2.) A connector that is currently running should not get rescheduled by
TraversalScheduler.  Instead, TraversalScheduler should just skip those items 
that
are "in progress".

Original comment by jl1615@gmail.com on 3 Feb 2009 at 12:58

GoogleCodeExporter commented 8 years ago
We are working with another customer to get their SharePoint server crawled 
using
SharePoint connector.

The attached log is the connector log for their production GSA. The
connector has been running for quite few days and it got stuck yesterday.
Here is snippet from the connector logs:

FINEST: Adding work:
TraversalWorkQueueItem[this=14207560;connectorName=sp_td_all;traverser=com.g
oogle.enterprise.connector.traversal.QueryTraverser@c8570c;numDocsTraversed=
0;isFinished=false;numConsecutiveFailures=0;timeOfFirstFailure=0;traversalTi
meout=2147483647]
Feb 3, 2009 1:29:38 AM com.google.enterprise.connector.common.WorkQueue
removeWork
FINEST: Removing work:
TraversalWorkQueueItem[this=14207560;connectorName=sp_td_all;traverser=com.g
oogle.enterprise.connector.traversal.QueryTraverser@c8570c;numDocsTraversed=
0;isFinished=false;numConsecutiveFailures=0;timeOfFirstFailure=0;traversalTi
meout=2147483647]
Feb 3, 2009 1:29:38 AM
com.google.enterprise.connector.scheduler.HostLoadManager determineBatchHint
FINEST: maxDocsPerPeriod=100
Feb 3, 2009 1:29:38 AM
com.google.enterprise.connector.scheduler.HostLoadManager determineBatchHint
FINEST: docsTraversed=100
Feb 3, 2009 1:29:38 AM
com.google.enterprise.connector.scheduler.HostLoadManager determineBatchHint
FINEST: remainingDocsToTraverse=0
Feb 3, 2009 1:29:38 AM
com.google.enterprise.connector.scheduler.TraversalScheduler$TraversalWorkQu
eueItem waitTillFinishedOrTimeout
FINEST: Beginning wait (timeout=2147483647)...
Feb 3, 2009 10:16:20 AM
com.google.enterprise.connector.servlet.ConnectorManagerServlet doPost
INFO: HEADER user-agent: Jakarta Commons-HttpClient/3.0.1
Feb 3, 2009 10:16:20 AM
com.google.enterprise.connector.servlet.ConnectorManagerServlet doPost
INFO: HEADER host: susday7763.td.teradata.com:6002
Feb 3, 2009 10:16:20 AM
com.google.enterprise.connector.servlet.ConnectorManagerServlet doPost
INFO: HEADER content-length: 114
Feb 3, 2009 10:16:20 AM
com.google.enterprise.connector.servlet.ConnectorManagerServlet doPost
INFO: HEADER content-type: text/xml
Feb 3, 2009 10:16:20 AM
com.google.enterprise.connector.sharepoint.SharepointConnector login
INFO: login()
Feb 3, 2009 10:16:20 AM
com.google.enterprise.connector.sharepoint.SharepointSession <init>
INFO: SharepointSession(SharepointConnector
inConnector,SharepointClientContext inSharepointClientContext)

Why is there a gap between 1.29 am and 10.16? Between that period there is
no activity and after that CM creates a new SharePointConnector session but
does not call doTraversal to start the traversal.

Can you have a look at the logs and help us out here?
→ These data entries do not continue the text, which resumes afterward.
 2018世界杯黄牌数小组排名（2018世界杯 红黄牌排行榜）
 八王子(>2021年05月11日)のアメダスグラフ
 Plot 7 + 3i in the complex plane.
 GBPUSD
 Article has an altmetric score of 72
Is there something on
the Connector Manager or do we have to look more on the connector front?

==============================
I've been looking into it.  It is not a hanging work thread.
The connector is cranking along.  Each call to runBatch() returns
only 10 documents, but it does so quite quickly, so it traverses
100 documents in less than a minute.  It then waits out the rest
of the minute spinning - checking once per second and adding 20
lines of log entries, the only meaningful one being
  "remainingDocsToTraverse=0"

The hostLoadManager is waiting for the minute to expire before
returning a non-zero batchHint().  For some reason, the check
for non-zero batchHint is done inside the workItem thread rather
than the scheduler thread.  This forces the workItem to get
scheduled once per second, only to say "I got nothin".
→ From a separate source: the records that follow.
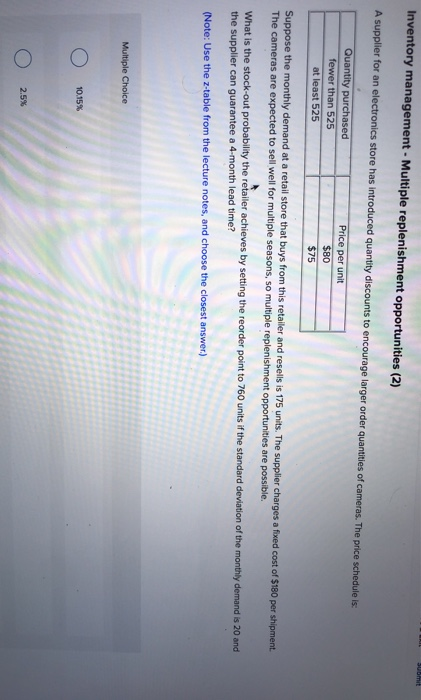 submit Inventory management - Multiple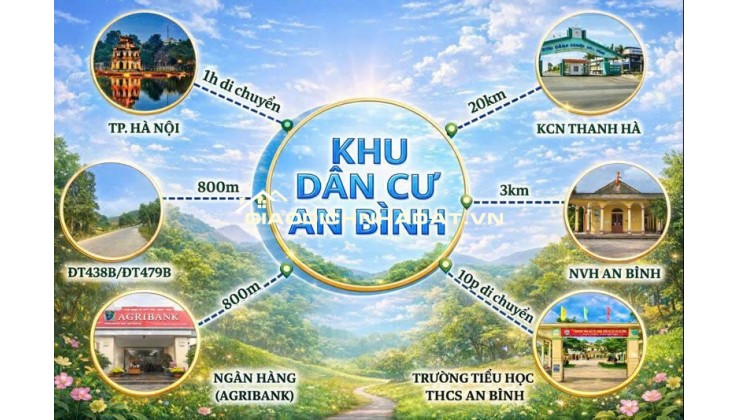 CHỈ TỪ 2XX TRIỆU – CƠ HỘI GIỮ TIỀN KHÔNG DÀNH CHO SỐ ĐÔNG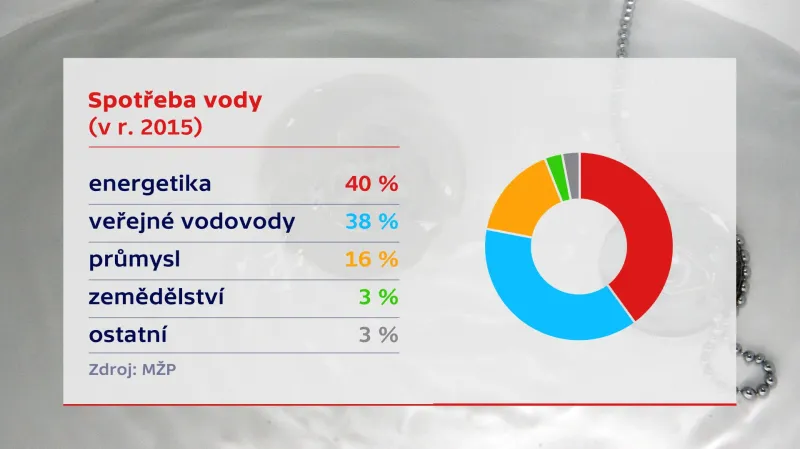Voda2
[In the work I'm doing for Issue 110, I moved that calculation to
the HostLoadManager.shouldDelay() method, so the workItem won't
be made runnable if it has exceed its quota for the time period.
That also cut down the once-per-second spamming of the log file.]

But the once-per-second spamming actually points to the failure.
While waiting for the minute to expire, each second we see:

key: [S] Scheduler Thread    [W] Worker Thread

[S]: Trying to add traversal work to workQueue
[S]: Adding work: TraversalWorkQueueItem
[S]: Beginning wait (timeout=MAX_INT)...
 - Scheduler Thread waits for signal from Worker
[W]: Removing work: TraversalWorkQueueItem
[W]: maxDocsPerPeriod=100, docsTraversed=100, remainingDocsToTraverse=0
 - Worker thread realizes that it can do no work
 - Worker thread finishes workItem and signals Scheduler
[S]: ...ending wait  (after receiving signal)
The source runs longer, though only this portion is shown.